Par la fenêtre, je vois qu’il fait beau. Sans doute iras-tu cet après-midi visiter notre cher érable. Dis-lui qu’il me manque, tout comme nos promenades.
Je suis fatiguée et ne pourrais pas t’écrire une longue lettre. D’ailleurs, ce n’est pas une lettre, juste un billet de rendez-vous. « Billet », tu ne trouves pas ce mot joliment désuet ? Ca me fait plaisir de le sortir comme ça, tout blanc, tout propre, pour toi.
Voilà maintenant six mois que nous jouons les globe-trotters.
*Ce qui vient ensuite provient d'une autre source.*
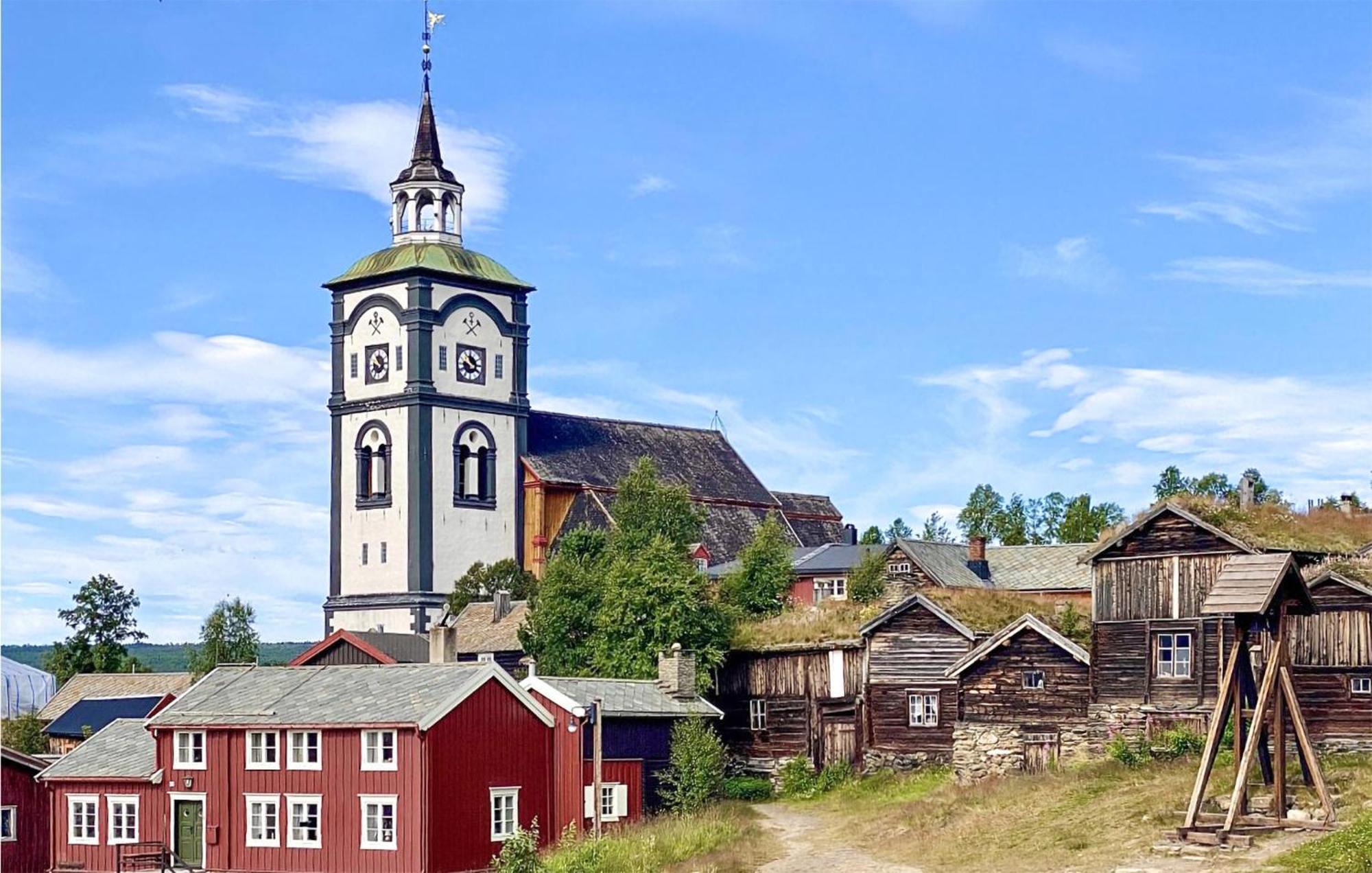 3 Bedroom Cozy Home In Røros Exteriör bild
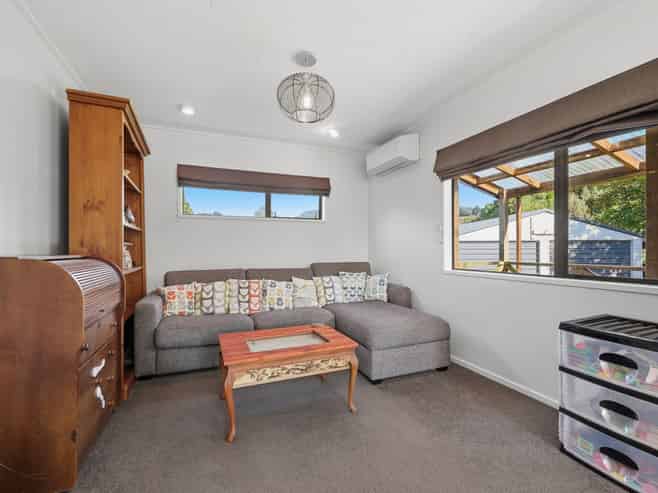 44 Driver Street, Long Beach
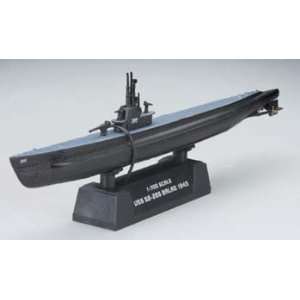    37310 EM 1/700 USS SS 285 Balao Submarine 1943 Toys & Games
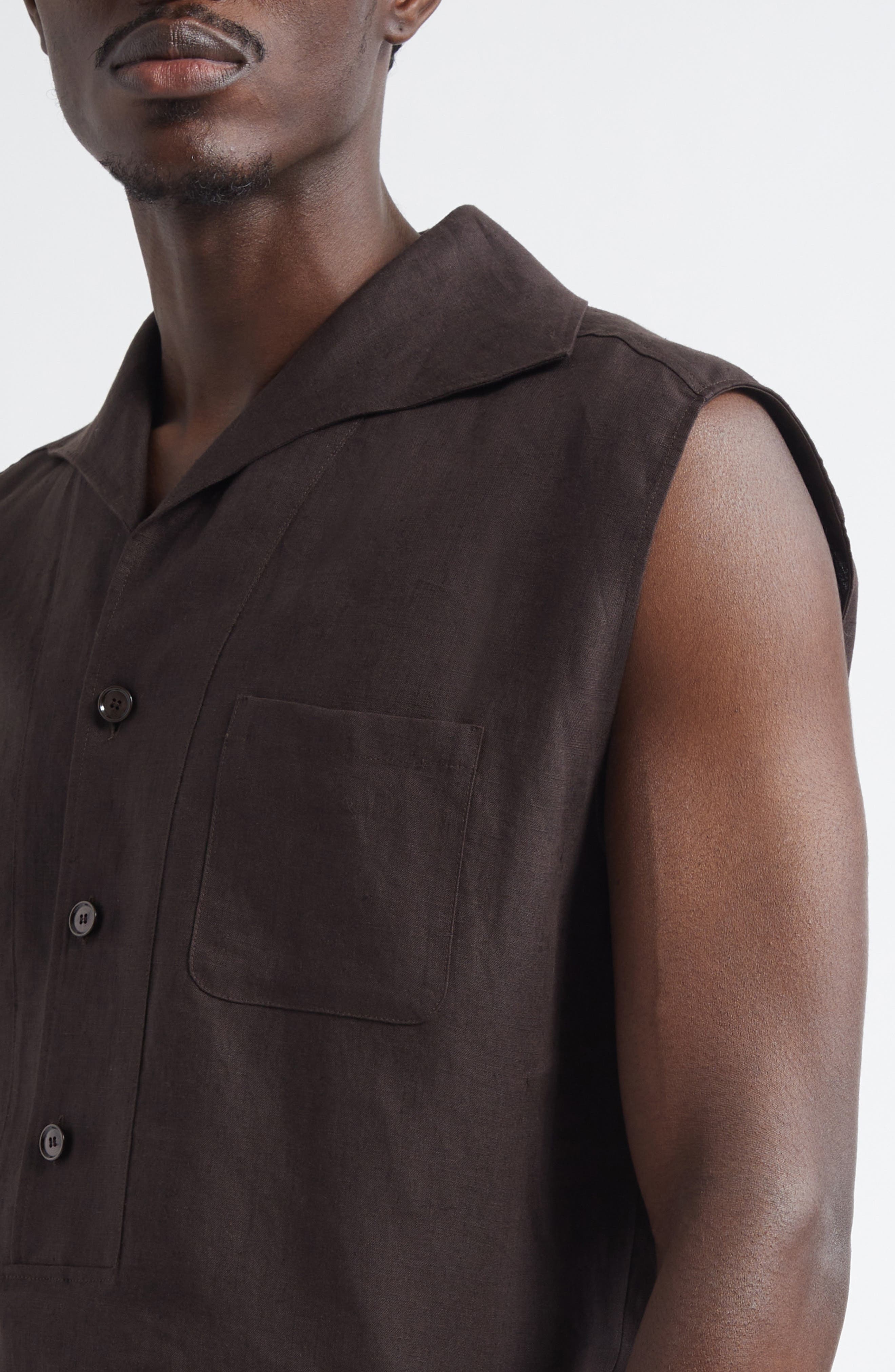 Dolce&Gabbana Sleeveless Linen Three-Button Shirt in M3977 Brown at Nordstrom - 5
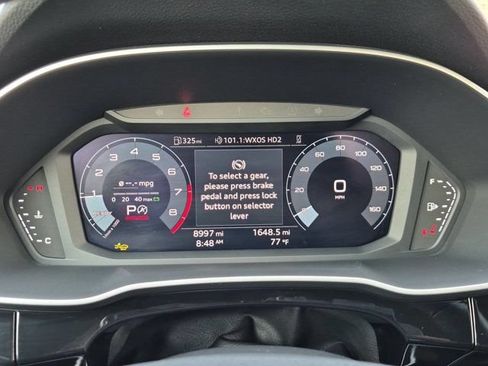 Certified 2025 Audi Q3 2.0T Premium w/ Convenience Package AWD/4WD image 16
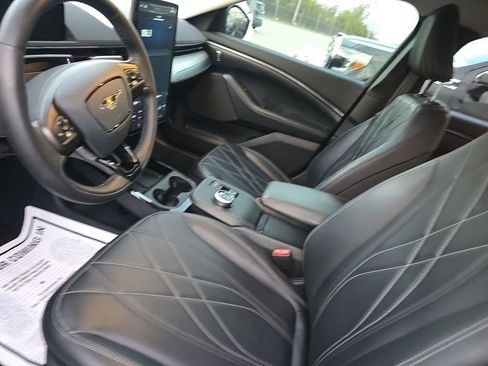Used 2023 Ford Mustang Mach-E Select image 7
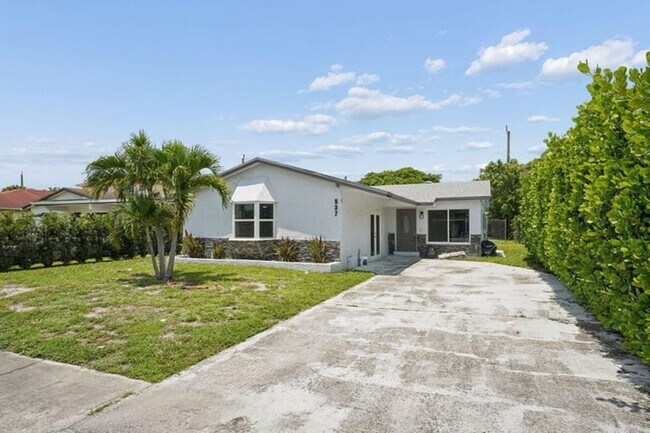 Foto del edificio - 537 NW 2nd Terrace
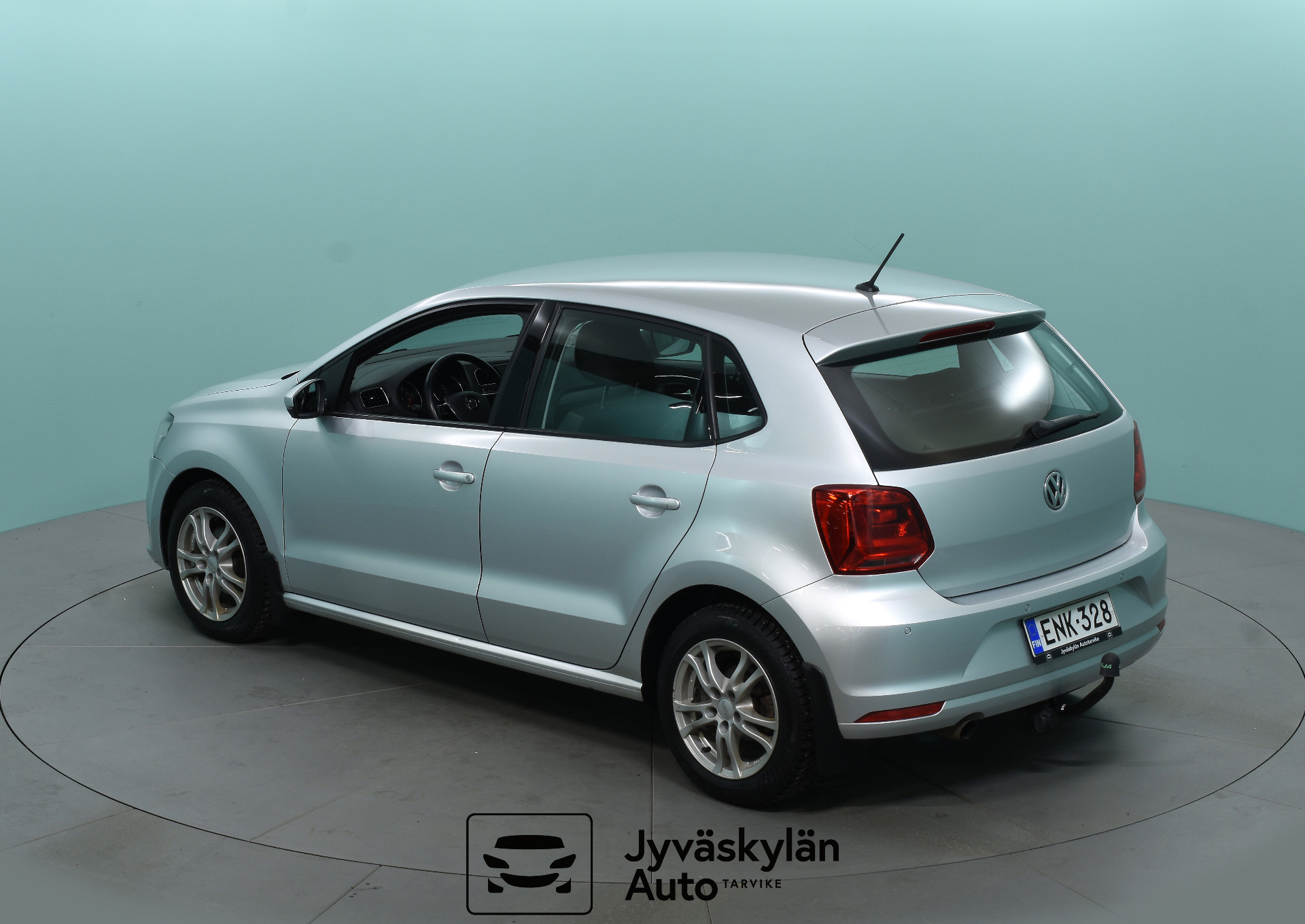 VOLKSWAGEN Polo 2015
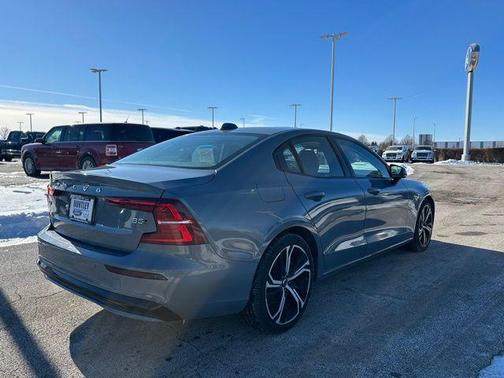 2024 Volvo S60 B5 Core Dark Theme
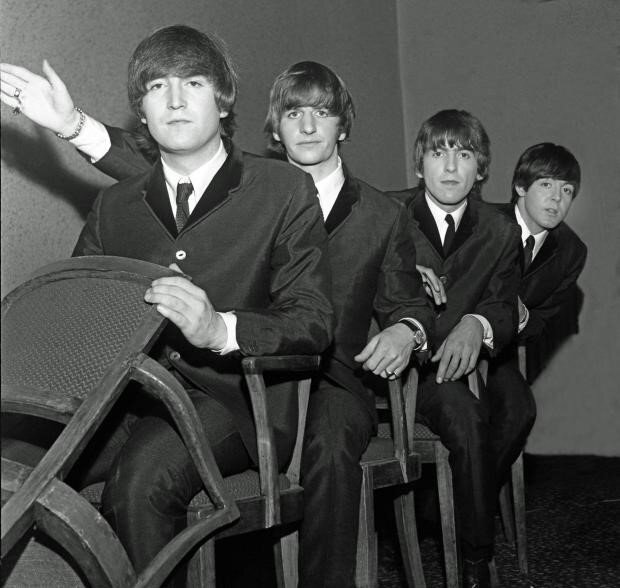 1963. На паровозике из стульев Битлз уверенно едут в направлении руки Ринго: вперёд и на вершину. Фото Пола Берриффа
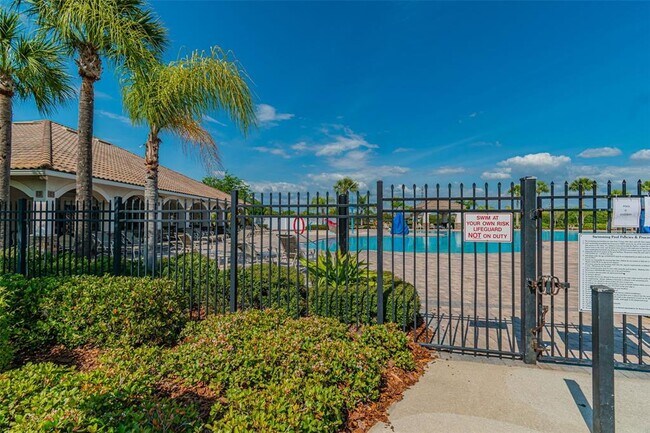 Building Photo - 12320 Fairlawn Dr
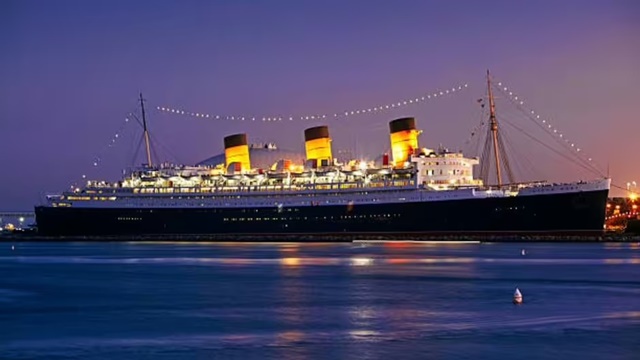 Queen-Mary-5752639_11zon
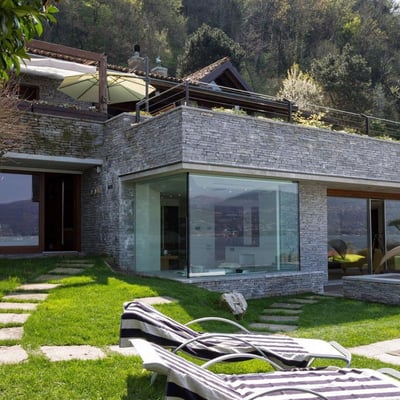 Ispirata | Modernist villa with a private beach on Lake Maggiore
Tu te souviens de ce restaurant de Little Italy où tu m’as joué de la mandoline ? De notre virée à Vienne et de notre valse dans les jardins du Prater ? Et les dauphins que nous avons suivis dans le golfe du Saint Laurent ? Ferme les yeux : tu les vois n’est-ce pas ? Et tu me vois aussi, à côté de toi… Alors, je voudrais te demander quelque chose : continuons nos promenades.
Viens prendre ton café chaque midi sur notre petite table blanche, au milieu de la pelouse. Couvre-toi bien, ferme les yeux, déplie tes vieilles jambes et viens me rejoindre.
Nous avons encore plein de choses à voir : le Taj Mahal à Agra, le Ponte Vecchio à Florence, le musée de l’Ermitage à St Petersbourg (ne râle pas, tu sais que j’adore les musées)… Pour notre premier rendez-vous, je t’attends sur le pont des Arts : il faut que l’on termine notre balade parisienne. Tu m’as promis des marrons, souviens-toi !
Je t’embrasse.
A tout à l’heure.
Rosalie.

Alors, seul sous mon érable, j’ai fermé les yeux et je suis parti la retrouver. J’ai balancé trois touristes à la flotte, nous nous sommes goinfrés de marrons et je lui ai donné rendez-vous demain midi à Florence, sur le Ponte Vecchio.